A trajetória de ascensão da alavancagem se tornou uma preocupação crescente no mercado ao longo dos últimos trimestres, em especial em relação a empresas como Companhia Siderúrgica Nacional (CSN), Usiminas e Marfrig, entre outros exemplos.

Na siderúrgica mineira, antes mesmo da nova alta da moeda norte-americana, os covenants já estavam entre os principais pontos de atenção. Já no segundo trimestre, a alavancagem da companhia alcançou 3,7 vezes, valor acima do permitido nas cláusulas, o que obrigou a empresa a negociar com os credores. O waiver, ou perdão por parte dos credores, traz um alívio para a empresa, embora represente um custo intrínseco. Outra empresa que negocia com credores em função dos covenants é a Light.

“A manutenção das receitas em real com endividamento em dólar, que por tanto tempo foi uma medida ‘esperta’ daqueles com acesso a capital externo com juros internacionais, mostrou-se uma armadilha sem saída frente ao completo descontrole político e macroeconômico brasileiro. O problema mudou de lugar. Saiu da produção para a tesouraria”, afirma o chefe de Mercado de Capitais da Eleven Financial Research, Adeodato Volpi Netto.

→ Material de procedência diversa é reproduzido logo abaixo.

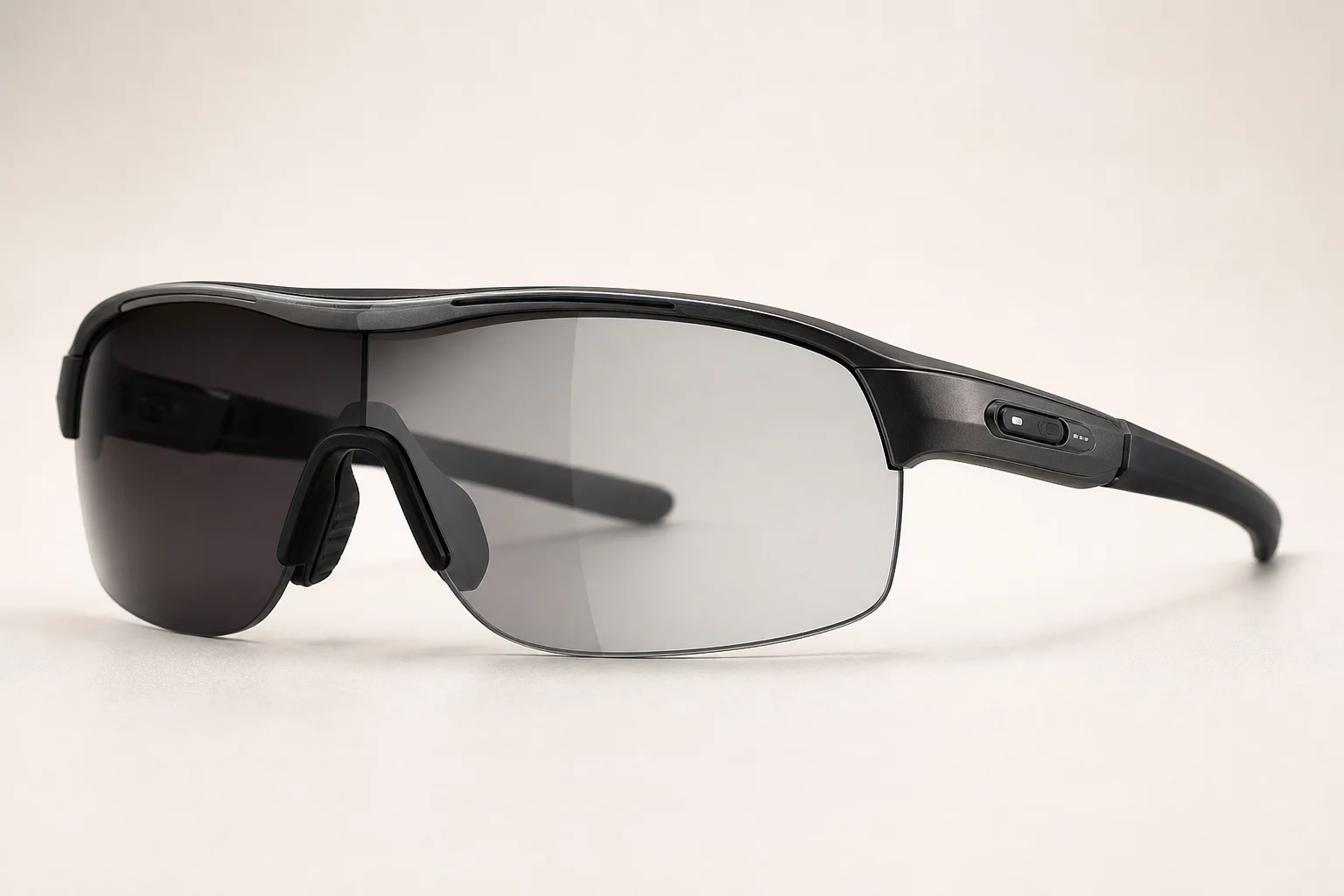 Poptic C1 electrochromic sport sunglasses showing dual lens tints on neutral grey background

Apesar do efeito direto na dívida das siderúrgicas, o real mais desvalorizado em relação ao dólar era apontado como possível saída para a fraca demanda no mercado interno. Além disso, a escalada do dólar trouxe ainda uma chance de ajuste de preços do aço, movimento já anunciado por algumas siderúrgicas, mas que ainda precisa consolidar sua implementação. Entre as fabricantes do aço, a Gerdau, com maior exposição no mercado externo devido a sua diversificação regional, é a melhor posicionada.

A disparada dos custos, com o atual patamar de câmbio, também tirou das mãos de muitas empresas as condições de elaborar um planejamento adequado. Nesse contexto se insere, por exemplo, a Gol. Na companhia aérea, o descasamento de moeda no balanço deverá se tornar ainda mais evidente no terceiro trimestre, visto que mais de 50% das despesas são contabilizadas em dólar, e cerca de 70% da dívida é atrelada à moeda norte-americana, ao passo que apenas 10% das receitas são vinculadas ao dólar.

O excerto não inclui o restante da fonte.